Речь пойдет о так называемом законе В. Мейера[90]; как установил этот немецкий филолог, на рубеже IV и V вв., т. е. на самом пороге византийской эпохи, в практике грекоязычной риторической прозы укореняется норма, требовавшая, чтобы между двумя последними ударениями фразы лежало либо по два, либо по четыре безударных слога[91]. Античные риторы, как известно, всегда заботились о тщательно выверенном — на наш вкус несколько искусственном и педантичном — ритме прозы[92], и особый их интерес относился к замыкающим клаузулам[93]; но если у них во внимание принимались, как и в античной просодии, только долгие и краткие слоги, то теперь ритм клаузулы строится на новом факторе — экспираторном ударении. Это действительно новый прием, знаменовавший собой глубокие изменения в языке как инструменте и материале ритора; с другой стороны, это прием, казалось бы, без всякого сомнения относящийся к ведению традиционно понимаемого искусства риторики. Очевидно, в риторических школах должны были обучать подобным хитростям. Тем поразительнее, что в наличной сумме теоретических сочинений и ранневизантийского, и последующих периодов мы не находим никаких ясных указаний на эту практику. В том, что касается клаузулы, византийские трактаты отказывают в той информации о вкусе реального византийского ценителя и реального византийского ритора, которую применительно к римскому вкусу и обиходу так щедро дают — чтобы сослаться на самый общеизвестный пример — трактаты Цицерона[94]. По-видимому, для византийского теоретика под запретом были все вообще новшества, связанные с изменением акцентного строя греческого язь!ка: античная теория, сложившаяся ранее этого изменения, не выработала для таких тем понятийного и терминологического аппарата, а потому им приходилось и в византийские века оставаться как бы за порогом теоретического осознания. Новшества эти применялись, но не обсуждались. Описанный В. Мейером прием — лишь одно из них[96].

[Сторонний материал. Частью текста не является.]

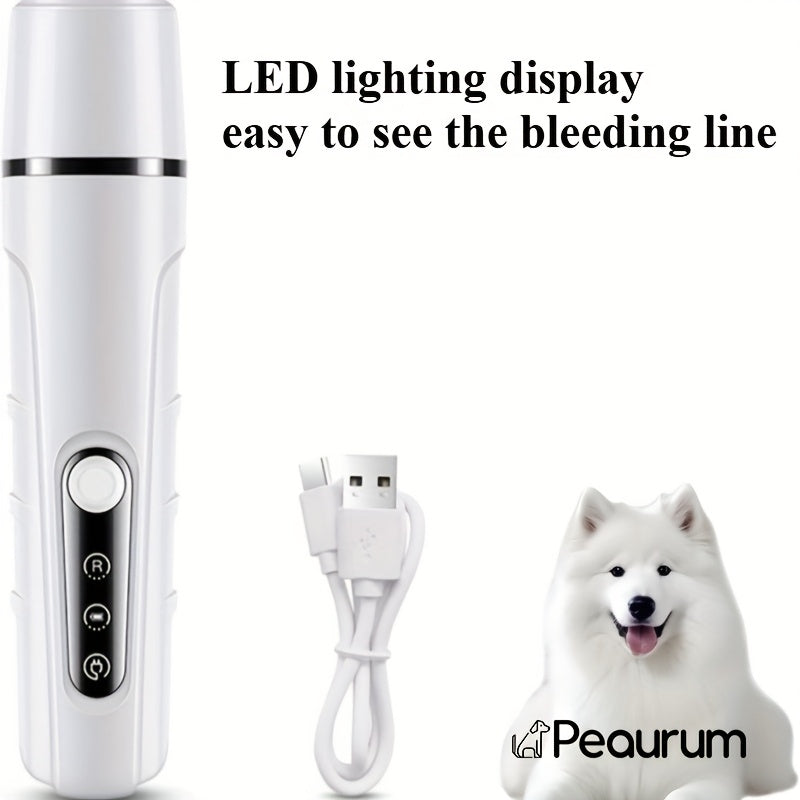 Rechargeable Pet Nail Grinder, Low Noise and Low Vibration for Dogs and Cats – USB Charging, LED Display, Safe Grooming Tool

Все сказанное не означает, конечно, что мы должны перестать искать в византийской литературной теории отклики на византийскую литературную практику. Мы обязаны их искать — памятуя, однако, что это задача исключительной трудности и что приступающий к ней должен относиться к собственным результатам с разумным скепсисом. Чем больше разочарований, тем больше причин надеяться, что мы, по крайней мере, не обманываем себя. Связь византийской теории с византийской литературой — предмет не то чтобы несуществующий, но в эмпирической реальности то и дело сводимый на нет, исчезающий, ускользающий между пальцев. Понять это — значит подготовить себя к рассмотрению истории византийской теории. Конечно, последняя при всем своем «антиисторизме», глубину которого мы пытались сейчас выяснить, имела временное измерение, имела историю. Но не следует ждать от рассмотрения ее истории тех результатов, которые удовлетворяют наш ум при рассмотрении истории теоретико-литературных воззрений античности или западного средневековья. Само слово «история» как бы имеет применительно к византийской риторической теории принципиально иной объем, чем в приложении к иным предметам, по своей природе более «историческим».

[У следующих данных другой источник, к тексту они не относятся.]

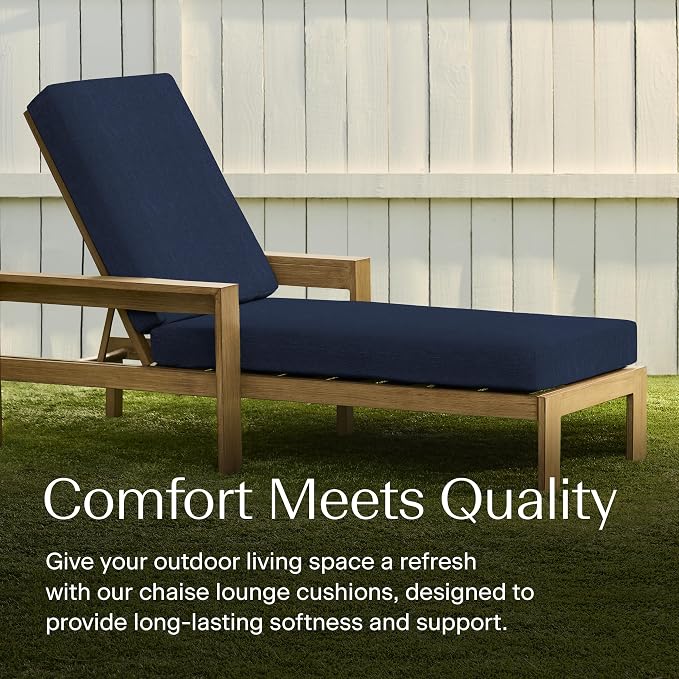 Honeycomb Outdoor Heritage Chaise, 24 x 73, Textured Solid Indigo Blue Chair - Image 2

Сделав такие огоаорки, мы переходим к краткому историческому очерку.

2

У византийской риторической теории был родоначальник, патриарх, первоучитель. Его труды воспринимались как исчерпывающая энциклопедия риторики, «наиболее полно объявшая все части этого искусства», как выражается Михаил Пселл[90]. Львиная доля византийской теоретико-риторической работы вылилась в комментарии, схолии, толкования, лепящиеся как пристройки к корпусу этих трудов. Его комментировали так много, что в конце концов стали делать с толкованиями на его тексты то же самое, что делали с толкованиями на библейские тексты: выписки из различных комментаторов, снабженные именами последних, собирали в так называемые «катены», или сводные комментарии, расположенные в порядке последовательности интерпретируемых мест[97]. По замечанию известного словаря «Суда» (вторая половина X в.), он был в «руках у всех»[98]. Без него невозможно представить себе панораму византийской риторики, но сам он не был византийцем и жил еще во II—III вв.; речь идет о Гермогене Тарсийском".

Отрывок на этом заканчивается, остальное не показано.